フィードバック。強大な力を手に入れたのだからこのくらいのリスクはあるか。しかし、これでは狂気の連続使用は不可能だろう。憎しみの感情に頼っていた頃はここまでの出力は得られなかったが、安定して何度でも使用できた。どちらの運用が優れているか、一概には決められない。結局、強くなったのやら弱くなったのやら。
完全に活性化を平常値まで抑えるまでの間にルーミアの停止予測地点まで近づいていた。山の麓の崖に突っ込んで倒れているルーミアのところまで、寒さに震えつつたどり着く。ルーミアは下半身がなくなっていたが、まだ死んでいない。それどころか欠損部を回復させようとしていた。概念妖怪ってスゲェな。
「もっ、ももももも、もういいいだろっ! かちかちかち、おれかちかちだ!」
歯が鳴ってうまくしゃべれない。言いたいことは伝わっただろう。しかし、ルーミアの眼から戦意は消えていない。これはどちらかが死ぬまでやり合わないと勝負がつかなさそうだ。ここまで痛めつけたのにまだ諦めないとなると、勝敗に関わらず最初からおとなしく俺の弟子になるような性格ではなかったのだろう。

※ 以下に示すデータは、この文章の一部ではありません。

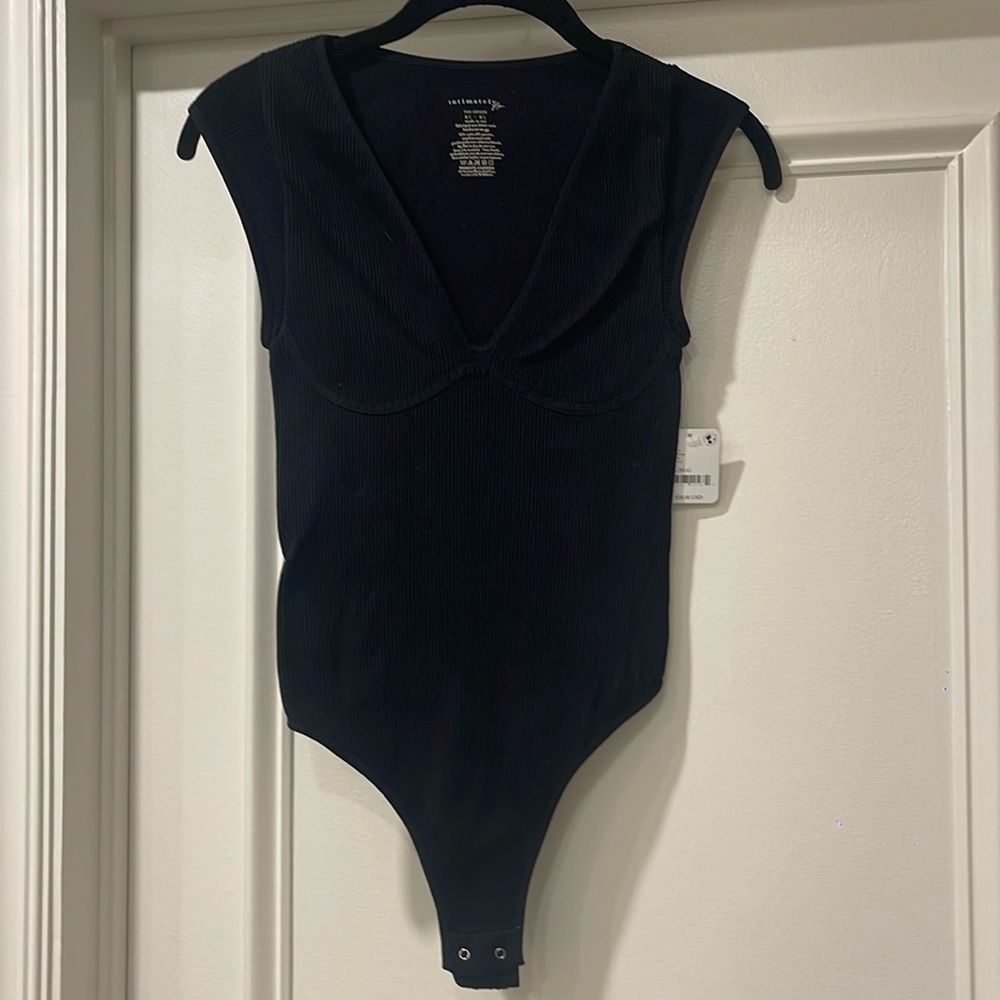 Black stretch bodysuit with cap sleeve, size M/L Free People intimately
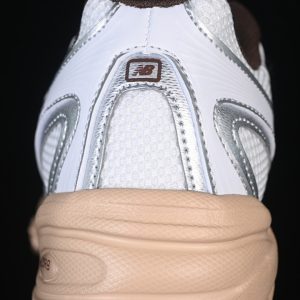 New Balance 740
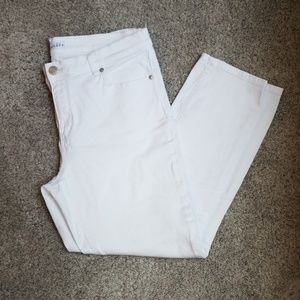LOFT Jeans - Like new condition skinny crop LOFT Jeans - Like new condition skinny crop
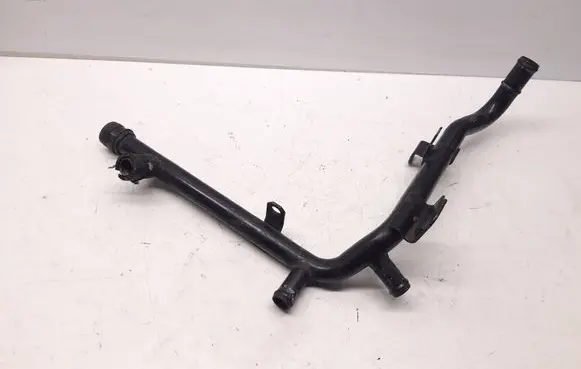 Volkswagen Touran I Engine coolant pipe/hose 038121065CT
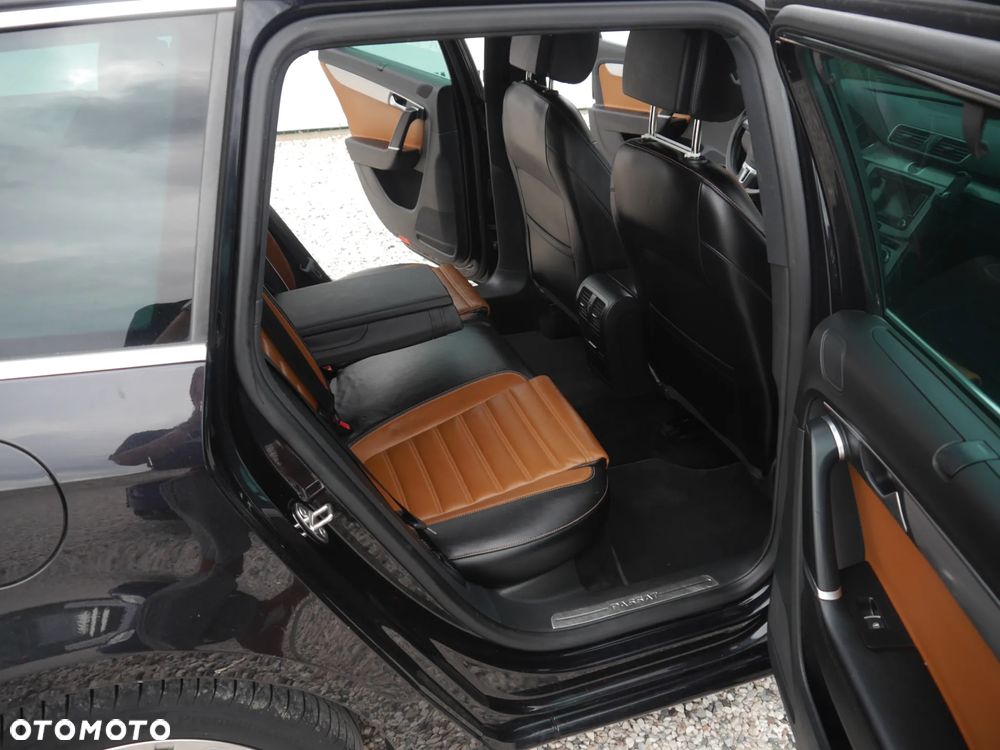 Volkswagen Passat Variant 2.0 TDI BlueMotion Technology Highline - 16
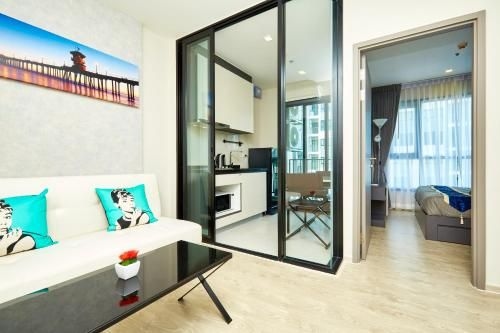 The Base Condo by Tech2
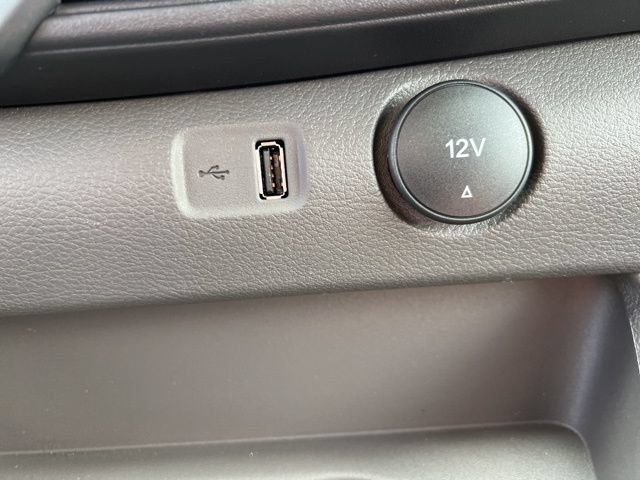 New 2023 Ford Transit 150 Low Roof RWD image 18
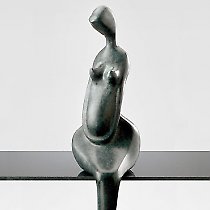 Enceinte, sculpture contemporaine de Marion Bürkle, bronze patiné 58 cm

困ったことになった。大妖怪というのは大きな力を持つがゆえに、総じてプライドが高い。それは悪い意味ではなく、群れのトップとして君臨する者に必要な資質だ。簡単に敵の軍門に下るような性格ではいけない。ルーミアもそれに当てはまるということだ。
(まぁ、強かったら忍術なんて必要ないだろうし。次はもう少し弱めの妖怪を探してみるか……あ、そういえば)
そこで俺は閃いた。だったらコイツを弱くすればいいじゃないか。
服の内ポケットから一枚の赤い布を取り出す。これは強力な『封印符』。対象に貼り付けて術を発動させれば、その妖力を封じることができる……はず。

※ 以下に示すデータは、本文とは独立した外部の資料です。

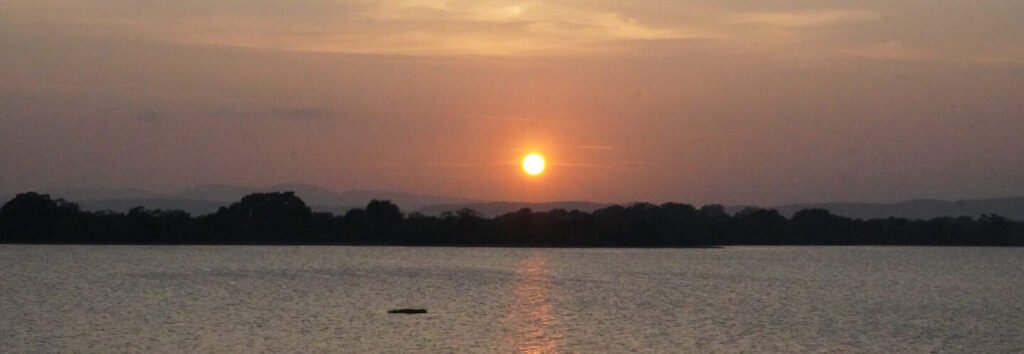 Zonsondergang boven het meer bij Polonnaruwa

どうせここで見逃しても禍根が残るだけだし、かと言って殺しても後味が悪いし、というか今の俺の状況だと逆に殺されかねない。とりあえず封印して、弟子になれば解放してやるとでも言いくるめておくか。
「わたしは、まけ、ない……!」
ルーミアの体はほとんど回復していた。ただ肉体への攻撃はあまり効かなかったとしても、『呪魂瘴』が与えた精神への負荷は特攻ダメージになったはずだ。生まれたての小鹿のようにぷるぷる震えながら立ち上がろうとしている。
それに対して俺はガタがきて錆び付いたロボットのごとき動きでルーミアへ歩み寄る。何だ、この二人。ここだけ見るとアホすぎる光景だぞ。ルーミアにいたってはスカート部分がなくなったままなので、下半身丸出しだ。眼福。
俺は、まだしっかり起き上がれていないルーミアの髪に符を結びつける。
「なに、を……」
法力『金剛界法歴劫八百式禁戒』
符から溢れだす光。目を開けていられないほどの眩しさの中に、ルーミアの体は溶けていった。